Slow mobile websites are a business problem, not engineering
More than 50% of all website traffic has been mobile since 2017 (ref). I can relate to this statistic looking at my own browsing habits. I do most of the web browsing on my smartphone. Even when a laptop or TV with a larger screen is a few meters away. For me, convenience outweighs reduced screen size.
Unfortunately, very few businesses relate to the shifted web browsing trends. Most business websites have not progressed beyond responsive layout. For a small part, it might be due to general lack of good craftsmanship in the web dev field, but for the most part it boils down to business priorities, because good performance and good UX does not come for free.
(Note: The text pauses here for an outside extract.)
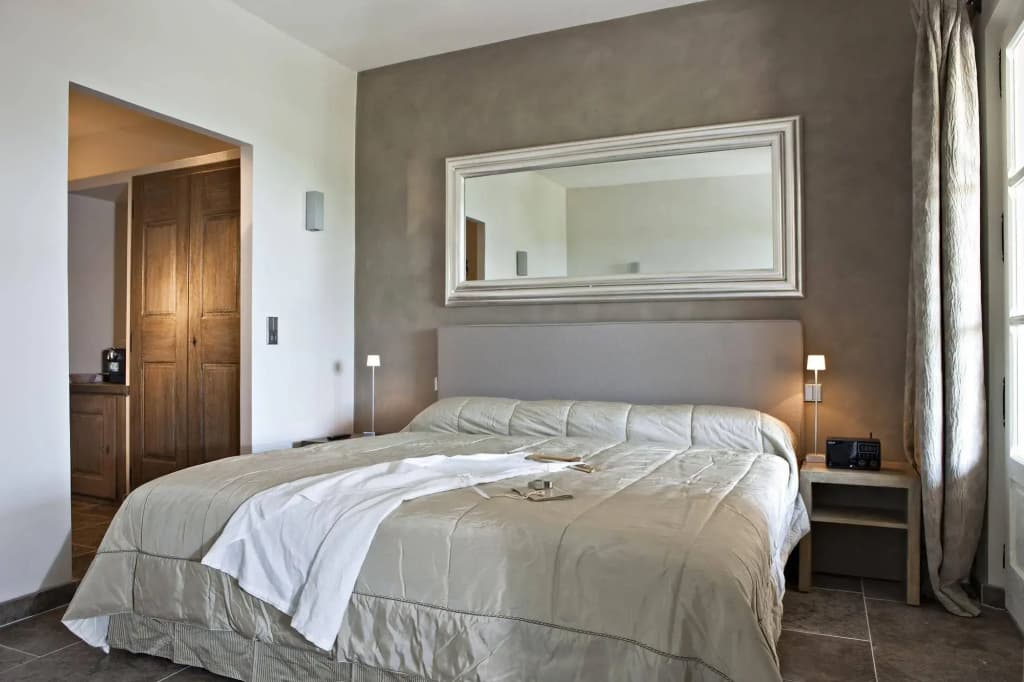 Coquillade Provence - Relais & Chateaux - Photo 4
It’s not like there is a lack of evidence that good website performance leads to better conversion rates (ref). Every time the website is closed, because it took too long to load or content continued to jump for a few seconds, a customer is lost. Lost business and damage to the brand should be enough to put mobile website performance and UX a business priority.
I think the first step to improvement and alignment of business priorities is measurement. Measure website performance, measure conversion rate, measure bounce rate and most importantly measure user experience. With quantifiable metrics in place, it becomes easier to judge different investments and their impact to the bottom line. Identify things which work and do more of them. Also identify things which sounded like a great idea in the meeting room, but have zero or negative impact on the key metrics and remove them from your website.